KUALA LUMPUR, March 12 — MIDF Research said the Movement Control Order (2.0) impact on the Industrial Production Index (IPI) in January 2021 was smaller than expected as it grew 1.2 per cent year-on-year (y-o-y) which was stronger than the research house expectation.

The IPI data which was released by Department of Statistics Malaysia (DoSM) today said the IPI rise was driven by the increase in the manufacturing index.

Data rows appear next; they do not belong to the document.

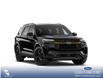 2026 Ford Explorer Tremor (Stk: 26AS7269) in Airdrie - Image 4 of 7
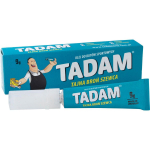 T&ouml;&ouml;riistad ja m&otilde;&otilde;teseadmed // Uued tooted t&ouml;&ouml;riistade, tarvikute kategoorias // Klej do but&oacute;w sportowych tadam (9g w pud.)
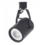 Spot para Trilho Lille PAR20 Preto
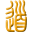 daode.ru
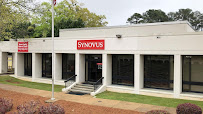 Synovus Bank 01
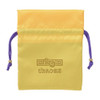 Satin Drawstring Bag - Raikou (Pikachu Hanten)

The research house said the sustained IPI growth was encouraging as it expected manufacturing to continue growing, benefiting from rising external demand for electrical and electronic products as indicated by the positive export growth.

“Despite the imposition of MCO 2.0 in almost all states from mid-January 2021, the growing production also reflected a rather minimal impact on industrial output as businesses were generally allowed to operate.

“We do see some impact from the tighter movement control as the manufacturing output fell from December 2020 although the overall production level was higher than January 2020,” it said in a note today.

MIDF Research said sales of manufacturing products continued to grow although expanding at a slightly slower pace of 4.1 per cent y-o-y attributable to the continued weakness in sales of refined petroleum products as well as the softer sales of computer and peripheral equipment and motor vehicles.

It also expects manufacturing sales to remain weak with MCO 2.0 being extended through Feb 21.

“This impact is expected to be temporary at least for the early parts of 2021 as we foresee sales to gradually improve given the easing of restrictions and pick up in domestic spending activity going forward.

“In particular, the manufacturing sales growth will also rebound this year particularly from March 2021 due to the low base in 2020,” it said.

Looking at the latest global manufacturing Purchasing Managers Index (PMI) which rose to 53.9 in Feb 2021, the research house expects a further recovery in global production activities although prolonged lockdowns and restrictions could have impacted final demand.

“Any weakness in the export demand could hurt the outlook for production activities, but for some countries improving sentiment following easing restrictions and rollout of vaccination programmes will see a better demand outlook going forward,” it said.

It also forecasts the IPI to rebound by 6.3 per cent in 2021 compared with a contraction of 4.2 per cent in 2020 as sentiment improves following the rollout of the COVID-19 vaccination programmes in Malaysia and in other countries.